Despite the near 3-hour run-time, The Batman is incredibly fast-paced. The narrative is highly linear; Batman finds a clue, figures it out, and quickly moves on to the next. The film builds incredibly effective suspense and tension in its dress-up crime-thriller moments—so much so that one hardly notices how abbreviated key plot points are. Writer and director Matt Reeves crams story beats and characters, then discards them. He introduces interesting themes, then only commits to exploring them with an inch of depth.
Reeves sets up a compelling dynamic with Robert Pattinson’s Batman/Bruce Wayne and Andy Serkis’ father-like butler, Alfred. Alfred is the perfect narrative vehicle for prodding some humanity out of the tortured hero. Despite one or two great scenes with the pair, Alfred is shoved to the sidelines to make way for the heavy plotting. Alfred gets the worst of it, but Reeves decides to treat all the side characters as pawns in the greater Batman scheme.
Characters that deserve the time to be fleshed out are an afterthought. Likewise, the film’s biggest letdown is that this newly realized angsty Bruce Wayne receives little development for his identity crisis. Robert Pattinson is excellent in the role and finds ways to develop the character without much help from the script. Reeves teases fans with the only on-screen iteration of Bruce Wayne that can’t maintain the illusion of having himself together and disappointingly gives nothing more than a cursory peek into his mind.
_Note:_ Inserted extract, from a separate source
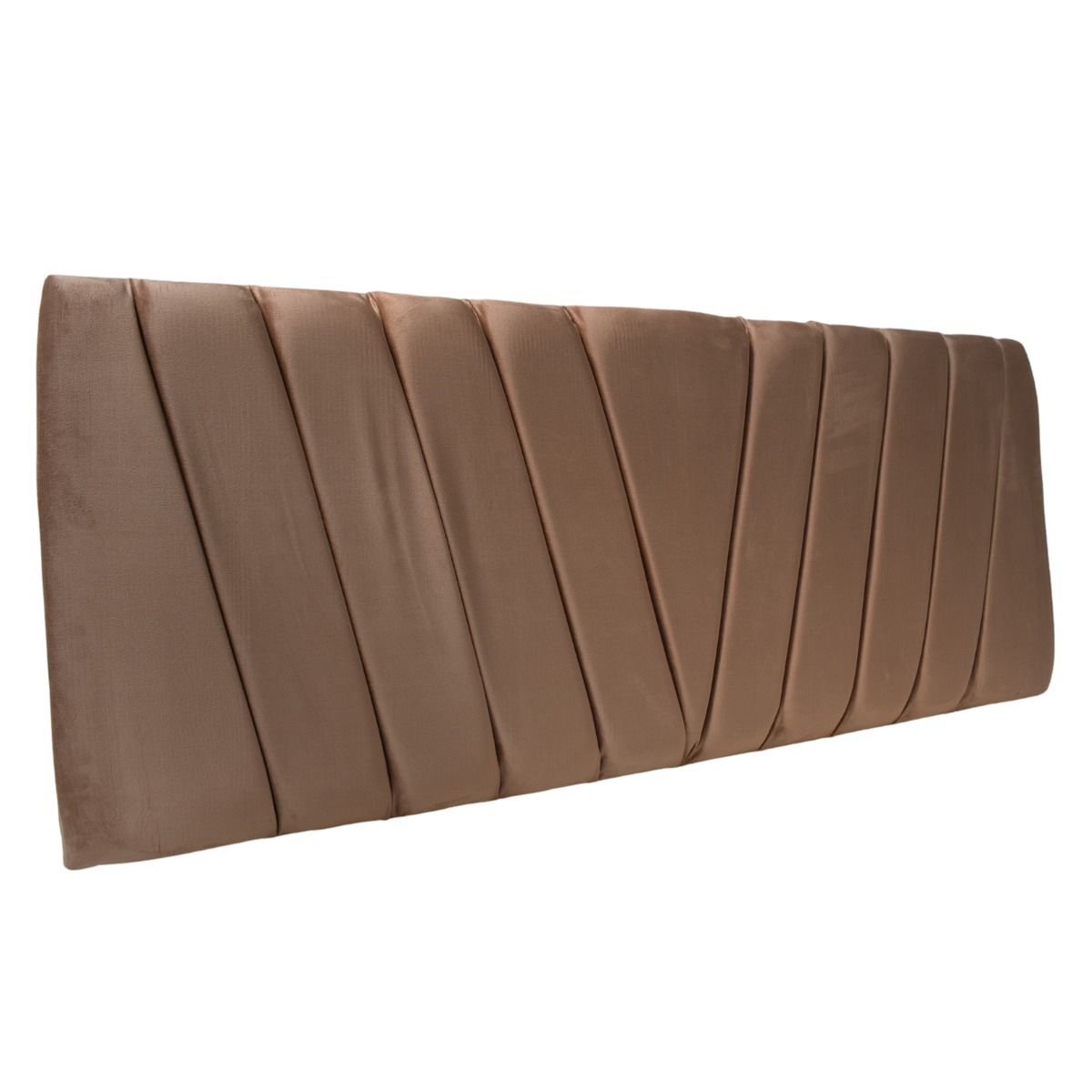 DULCES SUEÑOS - Respaldo Moderno 2 Plaza Modular Lineal V BEIGE CLARO FELPA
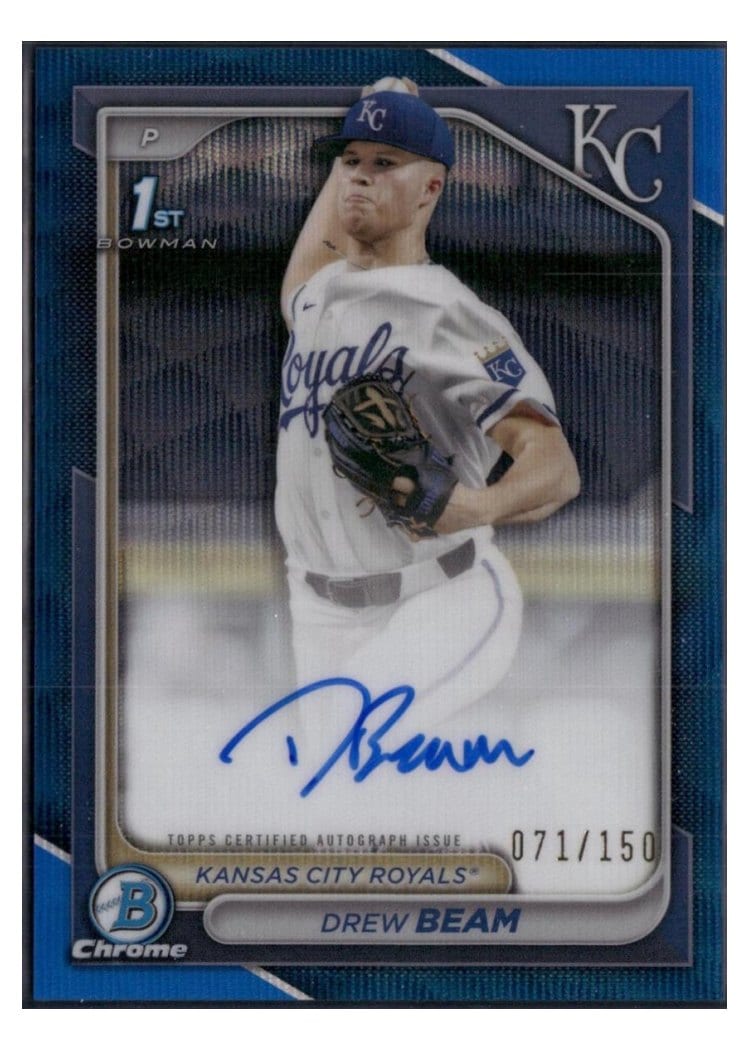 2024 Bowman Draft Chrome Prospect Autographs Drew Beam #CPA-DB card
The Batman is by far the grimmest Gotham City in any film to date, yet it often censors itself in favor of its PG-13 rating. A lot of surprisingly brutal moments become underwhelming as they suddenly shy away from the violent content.
The film is unique in its presentation and aesthetic—especially for a superhero blockbuster— but at its core, it is highly derivative. Films that The Batman has been compared to include Se7en, Zodiac, and Chinatown. Entire plot points and characters are ripped straight from these aforementioned crime-thrillers. A lot of moments with Paul Dano’s Riddler feel like a mash-up of the villains from these movies while hitting one too many similar beats as The Dark Knight’s Joker. To say that Reeves was “inspired” by these movies would be like saying The Magnificent Seven was inspired by Seven Samurai. Or like saying West Side Story was inspired by Romeo & Juliet.
Matt Reeves brings a lot of intriguing ideas to The Batman,  and while some of them unceremoniously fall flat, a lot end up working. The quieter moments where Batman investigates crime scenes as the police resent his presence build great tension. The action scenes are fluid and hard-hitting, but only up to a point. Batman gets shot point-blank with all kinds of firearms, bearing nothing more than a grimace in his (plot-armor) kevlar suit. It becomes especially eye-rolling towards the end, as any semblance of tension over Batman’s safety dissolves.
The Batman is a beautifully shot, often satisfying re-interpretation of the classic cowled character, but the sum of the film’s parts can’t find a way to live up to its incredible build throughout its former half. Fans of the character, the comics, and gritty action movies will find a lot to love, while more casual movie-goers may not be as engaged.